I've made one interesting addition to the rig which has made
living in the rig much more pleasurable. These are the simple, but extremely
effective, wind deflectors over the windows. These Ventshade brand Ventvisor
deflectors allow me to leave the windows down in horrible weather and still get great
ventilation through the vehicle. Not only that, but they block sun, reduce glare,
and allow me to drive with the windows down without the need for a hearing test
And now for some BIG news... I've made offers to my friends about joining
me on my excursion for a period of time. Well, check the picture on the left and you
might notice an extra bike on top of my vehicle. That bike belongs to my friend
Cathy who will be joining me on the trip about a month from the start of the trip (June
17). We should be travelling for the rest of the trip together.
May 12th - In a blind fury, I loaded my car and hit the road by 4pm to
head for Nashville. However, by packing so quickly, I royally screwed myself by
forgetting a number of items including my bicycle pump, headphones, my slick tires for
road cycling, solar shower, and dromedary bag. Can we say STUPID!?? Oh well.
I'll be picking them up in Boulder at my friend's house. I had a very short drive...
just up to Nashville. The drive was mainly uneventful. I arrived at Jim's
around 7pm. Jim and I decided to hit the town that night and check out some of the
If Nashville has one thing going for it, it's probably the music. We
stopped at one bar and listened to some rockabilly outside the door. We decided that
wasn't really our thing so we moved on to the world famous Station Inn to listen to some
bluegrass. The Station Inn is a really cool little place. VERY small place,
single microphone on stage, and about 4-5 great bluegrass musicians gathered around it for
some hoop hollering' music. The Japanese door man actually got up there and played
banjo with them for a bit... and he was amazing. Yep you read it right... a Japanese
banjo player. I guess bluegrass has appeal to all nationalities.

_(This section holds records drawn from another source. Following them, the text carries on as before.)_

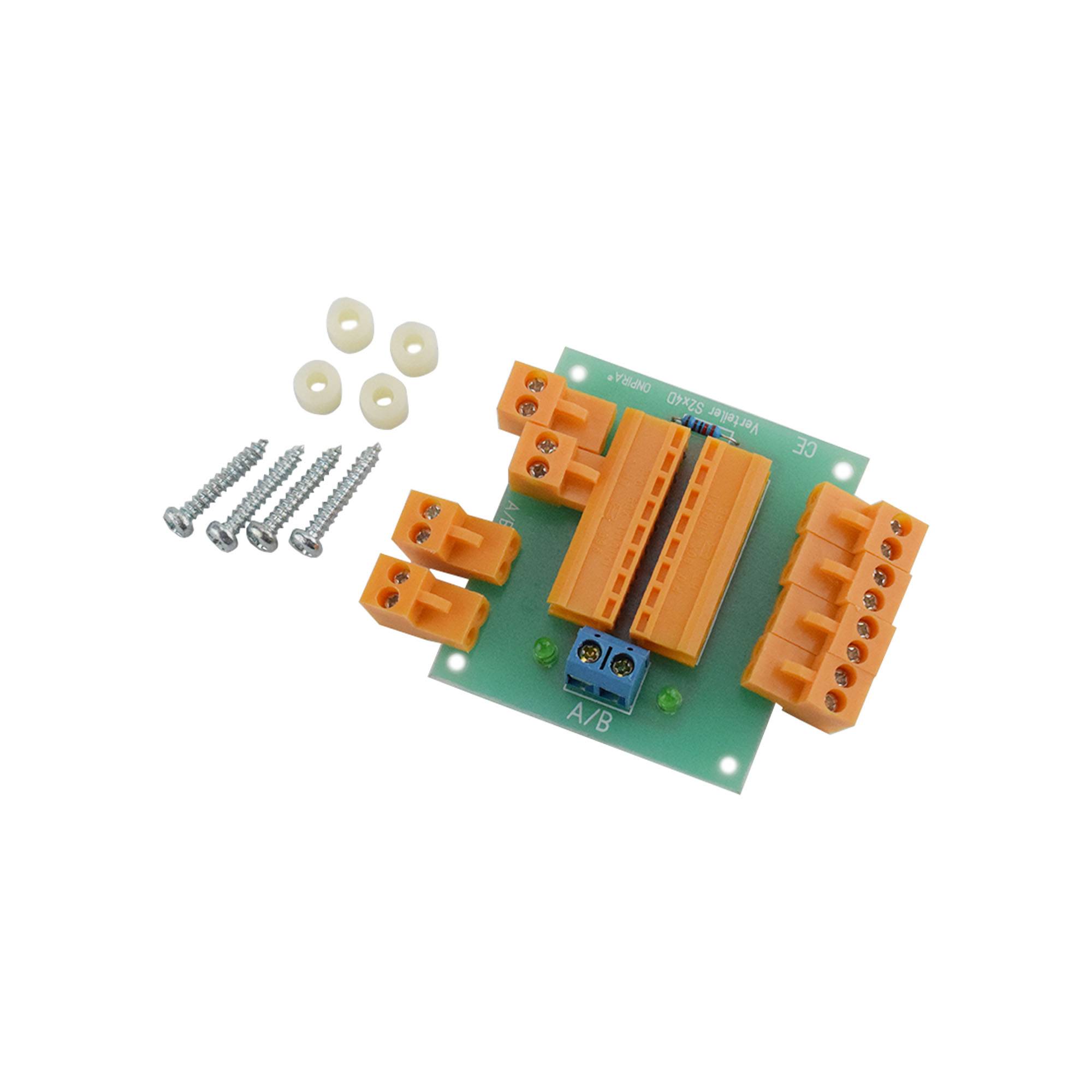 S2x4D Stromverteiler Verteiler Platine 5A belastbar Modellbau Gleich- und Wechselstrom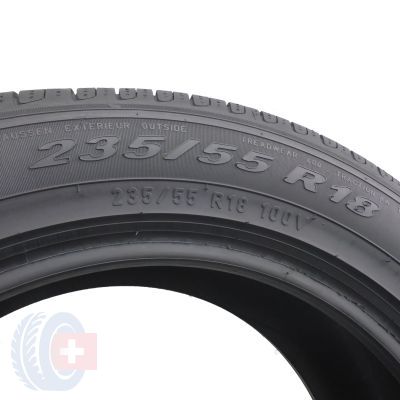 2. 1 x PIRELLI 235/55 R18 100V Scorpion Verde Sommerreifen 2019 6,5mm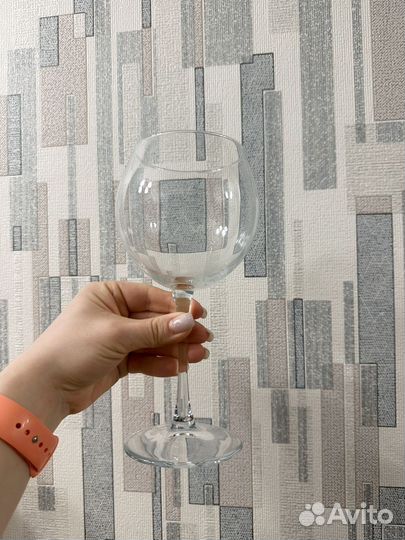 Бокалы для вина. Набор 6 шт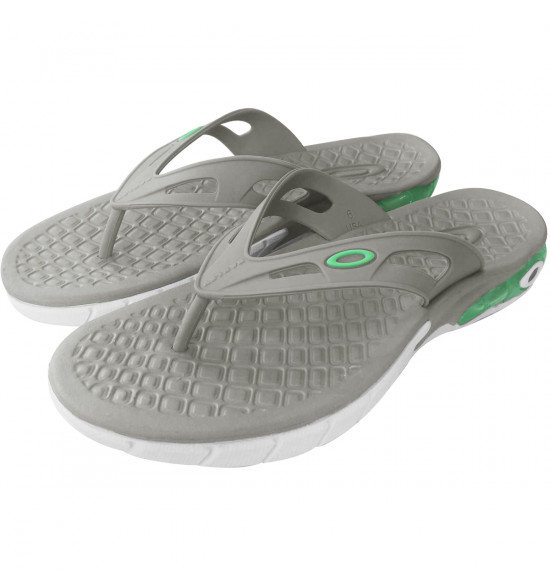 Chinelo Oakley Killer Point Grey White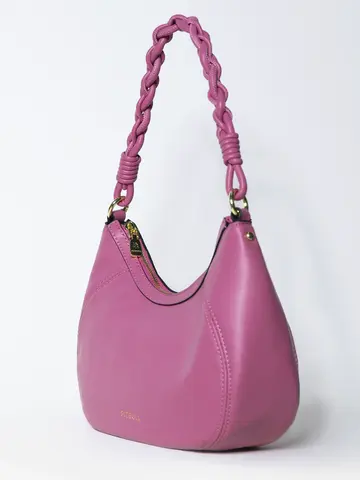 Bolsa Mini Bag Fashion e Estilosa com Alça Trançada Pit Bull Jeans Luxo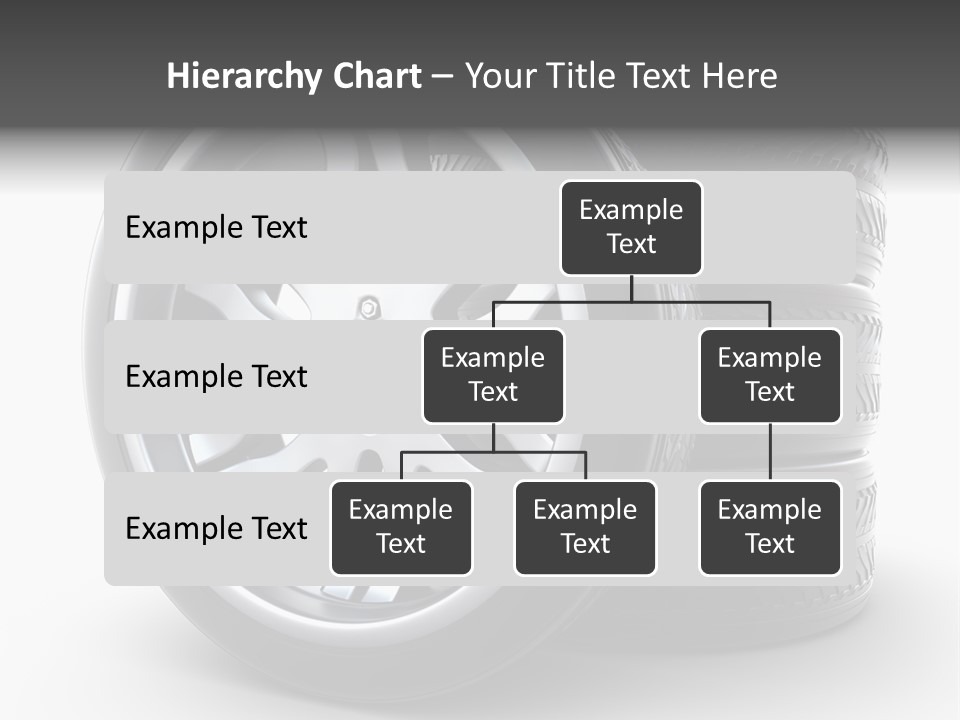Black Chrome Round PowerPoint Template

May 13th - This was definitely a lazy day. Jim lives right next to
Radnor Lake State Natural Area, so we did a beautiful morning hike (no need to drive).
I spent the rest of the day getting my trip itinerary finalized while Jim worked
for the day. We ended the evening with a trip out to a great sushi restaurant.
Jim is a musician/producer. His forte is in percussion, but it is a
melodic style of percussion. Very unique, but wonderful stuff! It was
fascinating to see him work on some of the music. He's got some wonderful music and
a fantastic album that you can purchase. Check out his website at www.ancienthand.com for details. Jim also got
hit by the Nashville tornadoes. You can see "he-man" Jim holding up the
tree to prevent further damage. You might have a long wait there Jim! The
damage was fairly minimal, but his roommate (a world famous bass player) ended up with the
short end of the stick. His room got hit with some water damage. Thank
goodness nothing too valuable got damaged.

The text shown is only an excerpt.